(Caption-style text data)
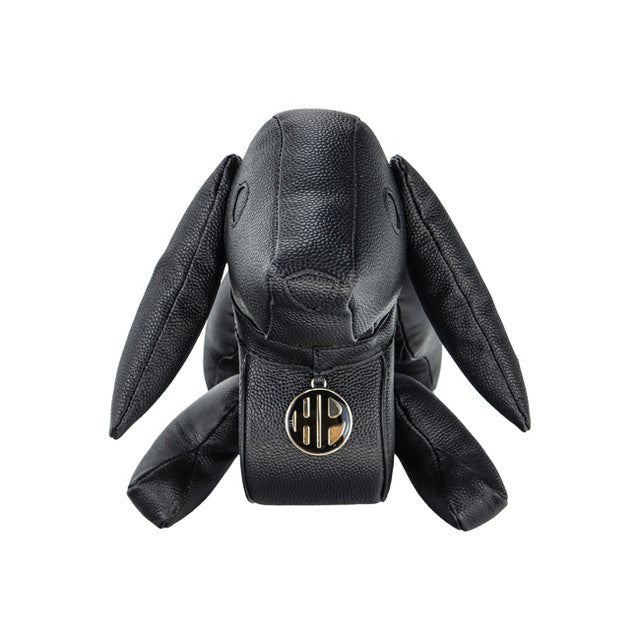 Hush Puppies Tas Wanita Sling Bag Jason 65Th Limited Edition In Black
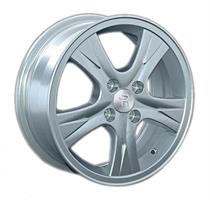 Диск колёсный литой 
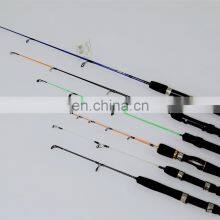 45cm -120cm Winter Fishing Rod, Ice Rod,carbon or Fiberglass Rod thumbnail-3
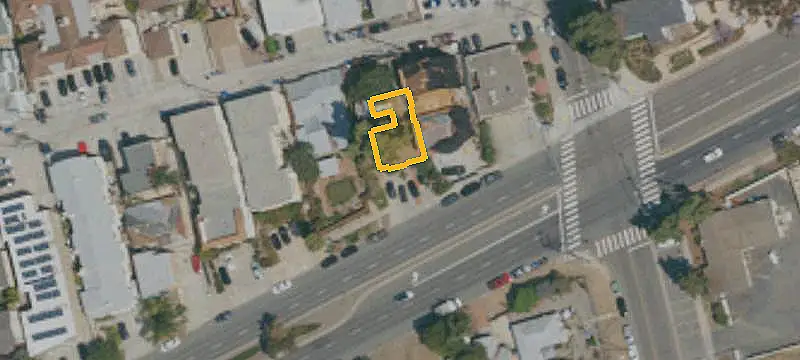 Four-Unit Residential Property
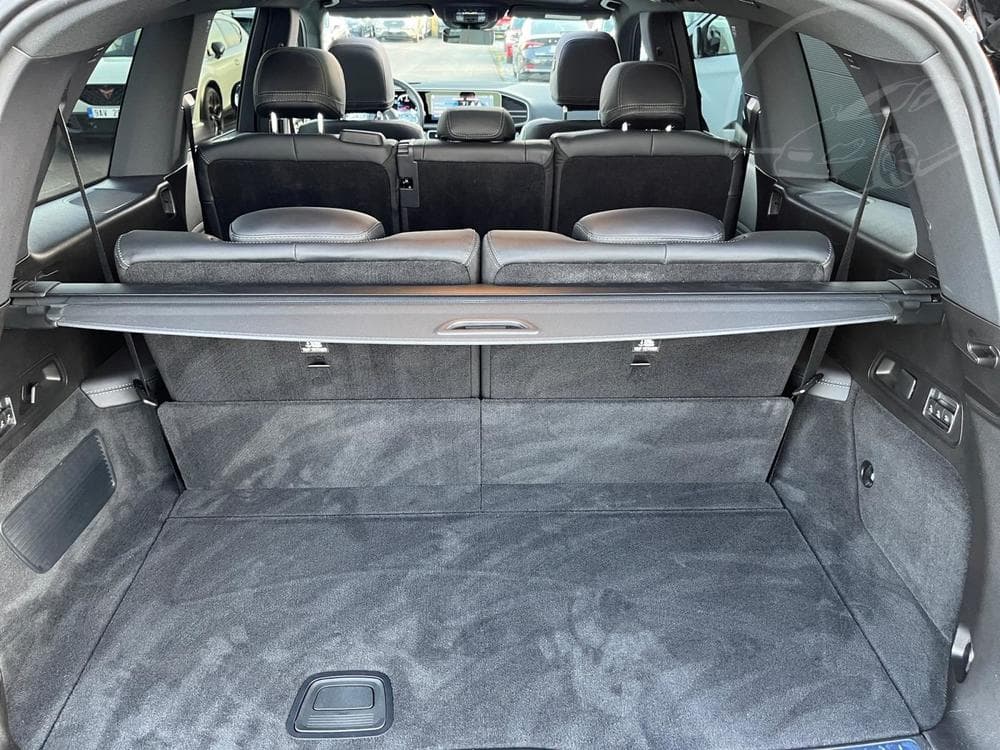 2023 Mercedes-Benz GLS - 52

▸ **What is required**:
Set down every entry exactly; omit the pictures.

▸ **Response area**:
 Hush Puppies Tas Wanita Sling Bag Jason 65Th Limited Edition In Black
 Диск колёсный литой 
 45cm -120cm Winter Fishing Rod, Ice Rod,carbon or Fiberglass Rod thumbnail-3
 Four-Unit Residential Property
 2023 Mercedes-Benz GLS - 52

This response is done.